University of Virginia’s on-time graduation rate, 85 percent, is the highest among public flagships. (Sabrina Schaeffer/AP)

Some of the nation’s top public universities are prodding dallying students toward the graduation stage, trying to change a campus culture that assumes four-year completion is the exception rather than the rule.

It’s a move supported not just by parents whose wallets are depleted by tuition bills. University leaders are pushing for on-time completion amid criticism over wasted tax dollars, spiraling tuition and America’s plummeting global rank in college attainment.

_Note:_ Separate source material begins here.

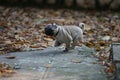 Pug in the park.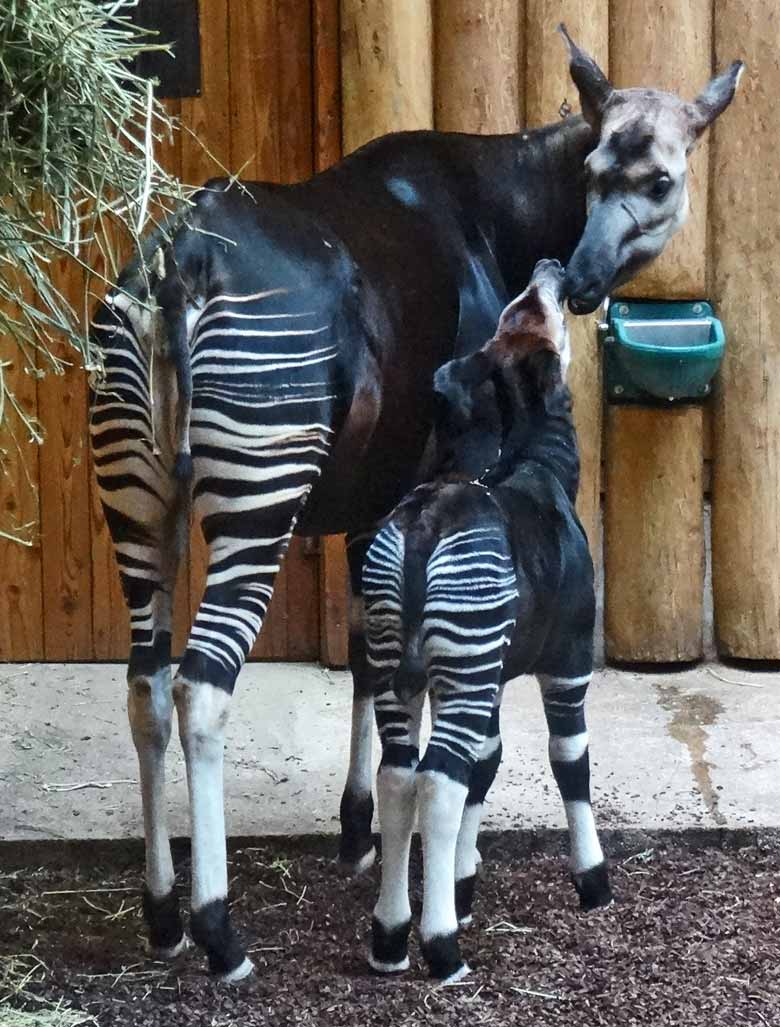 Okapi-Jungtier ELANI mit Okapi-Mutter LOMELA am 13. November 2016 im Okapihaus im Grünen Zoo Wuppertal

Fewer than half of students graduate in four years at 33 of the 50 state flagship schools. The overall four-year graduation rate is 31 percent for public colleges and 52 percent for private ones, the federal government reported this year.

The universities of Maryland and Virginia are among the exceptions, with on-time graduation rates of 63 percent and 85 percent, respectively. U-Va.’s rate is the highest among public flagship schools.

“Four years and out” is a long tradition at private colleges, a value reinforced by the parents who pay the bills. Public universities, by contrast, have long tolerated the five- or six-year degree. But too often, the slow track leads nowhere.

Students at top public universities struggle to graduate (The Washington Post/Sources: U.S. Department of Education; Chronicle of Higher Education)

“The longer it takes people to graduate, the less likely they are to graduate — ever,” said William Bowen, former Princeton president and co-author of the book “Crossing the Finish Line.”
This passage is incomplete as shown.